Eu testei essa régua contra 15 anos de dados reais de CDI e IPCA. Três aposentados hipotéticos, R$ 1 milhão cada, largada em janeiro de 2012:
O que sacou os R$ 9,9 mil por mês, corrigidos pela inflação, ficou SEM NADA em 2021. O dinheiro durou nove anos.
O que “viveu de renda”, sacando todo mês o que o CDI rendia sem nunca tocar no principal, empobreceu do mesmo jeito: o milhão dele hoje compra o que R$ 448 mil compravam na largada.

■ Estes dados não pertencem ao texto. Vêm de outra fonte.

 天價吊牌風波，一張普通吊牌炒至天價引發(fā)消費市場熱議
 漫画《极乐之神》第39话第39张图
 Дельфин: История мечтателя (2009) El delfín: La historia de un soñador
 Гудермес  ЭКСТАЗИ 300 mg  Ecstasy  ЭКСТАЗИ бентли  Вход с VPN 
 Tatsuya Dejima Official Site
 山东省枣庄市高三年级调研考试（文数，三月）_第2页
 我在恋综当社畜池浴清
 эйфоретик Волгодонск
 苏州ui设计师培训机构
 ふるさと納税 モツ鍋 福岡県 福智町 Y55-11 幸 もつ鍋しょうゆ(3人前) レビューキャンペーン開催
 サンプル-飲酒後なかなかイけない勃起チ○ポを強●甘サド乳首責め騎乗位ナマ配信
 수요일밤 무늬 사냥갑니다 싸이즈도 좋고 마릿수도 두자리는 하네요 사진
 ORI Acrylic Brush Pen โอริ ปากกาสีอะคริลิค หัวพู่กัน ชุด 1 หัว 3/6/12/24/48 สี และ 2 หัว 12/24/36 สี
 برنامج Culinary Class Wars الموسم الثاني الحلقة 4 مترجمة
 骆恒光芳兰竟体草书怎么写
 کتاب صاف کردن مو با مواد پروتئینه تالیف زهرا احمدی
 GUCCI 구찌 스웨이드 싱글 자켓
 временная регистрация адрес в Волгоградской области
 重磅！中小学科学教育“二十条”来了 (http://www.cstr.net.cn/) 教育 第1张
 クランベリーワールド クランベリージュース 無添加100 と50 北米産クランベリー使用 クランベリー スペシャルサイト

O que seguiu a regra da Renata terminou com R$ 691 mil de poder de compra. O melhor dos três, inclusive na conta mais justa, que soma tudo que cada um consumiu ao que sobrou: R$ 1,28 milhão de valor total, contra R$ 1,21 mi e R$ 1,10 mi.
Mas o teste revelou uma verdade ainda mais dura, e é aqui que quase todo mundo se engana:
Nem os R$ 3,3 mil são “sem empobrecer”. O aposentado da regra dos 4% consumiu um terço do patrimônio em 15 anos. O motivo é um vilão silencioso: o IR morde o ganho NOMINAL, ou seja, você paga imposto sobre a inflação. Os 4% reais brutos existiram (o CDI real do período foi 3,88%), mas líquidos viraram 2,4%. E em 2020 e 2021 a renda fixa PERDEU da inflação.
A renda verdadeiramente perpétua de R$ 1 milhão, líquida de imposto e com a inflação na meta, fica perto de R$ 2,5 mil por mês. Quatro vezes menos que o número que viralizou.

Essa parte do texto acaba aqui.